Когда это жилище из монастырского сделалось мирским? Сдаётся мне, оно и раньше было создано для мирской суеты, когда под вывеской креста и Матери Божьей Покровительницы, один предприимчивый аббат стал торговать солью, и жизнь, какой тут жили обитатели, с тех пор стала прекрасной, освобождённой от противоречия между светским и духовным укладом, и потому гармония ее являлась совершенной. А то, что за постой упросили талер, так оно и понятно — привыкли здесь жить на широкую ногу. Я не в обиде, у меня этих бумажных талеров десять пачек, а Полушкин уже привык, что в походе приходится руководствоваться девизом: цель оправдывает все затраты. Да и пёс с ним, с эти талером. Зато искупались, выспались и отдохнули на славу. Заодно и вина прикупили.

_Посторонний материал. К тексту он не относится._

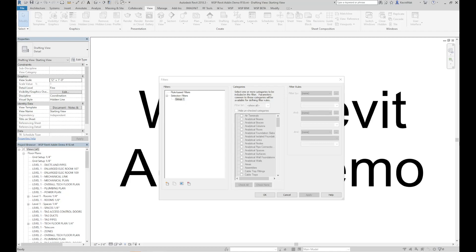Use the Add Piping System Filter tool to add a filter for each piping system in the project. The new filters apply to these categories.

Спустя сутки после шикарного отдыха мы вышли к месту нашей миссии. Поскольку результаты "рекогносцировок" с попытками вскарабкаться на вершину сосны оказались неудовлетворительны, я решил предпринять свою собственную разведывательную вылазку и в тот же вечер отправился к дому щляхтича, прихватив с собой сумку, где покоился небольшой квадрокоптер. Буквально через десять минут я убедился, что Фомич вывел отряд в идеальное для стоянки место, которое едва ли можно найти в радиусе пяти вёрст. Однако вести наблюдение отсюда было нереально из-за гигантских тополей, заслоняющих практически весь обзор.
Особняк, снятый с высоты птичьего полёта, был, по-моему, самым большим в районе всего предместья Величек. Да что говорить, наверно во всей видимой мною Польше. Стоял он на возвышенности посреди двух широких дубрав, между которыми простиралась лужайка с искусственно выравненным ипподромом, яблоневый сад, природный пруд и голубятня. Огромный дом, окруженный садом с лужайками и живыми изгородями, казался почти вымершим: лишь несколько окон были освещены тусклым светом, из чего я заключил, что магнат с друзьями проводит вечер где-то в Кракове либо уже спит. Окружавшие сад стены были высотой лишь в метр с небольшим и зияли частыми прорехами. Создавалось впечатление, словно кто-то умышленно разбирал верхние камни. Причём со стороны конюшни высота стала такой, что через забор легко можно было перескочить.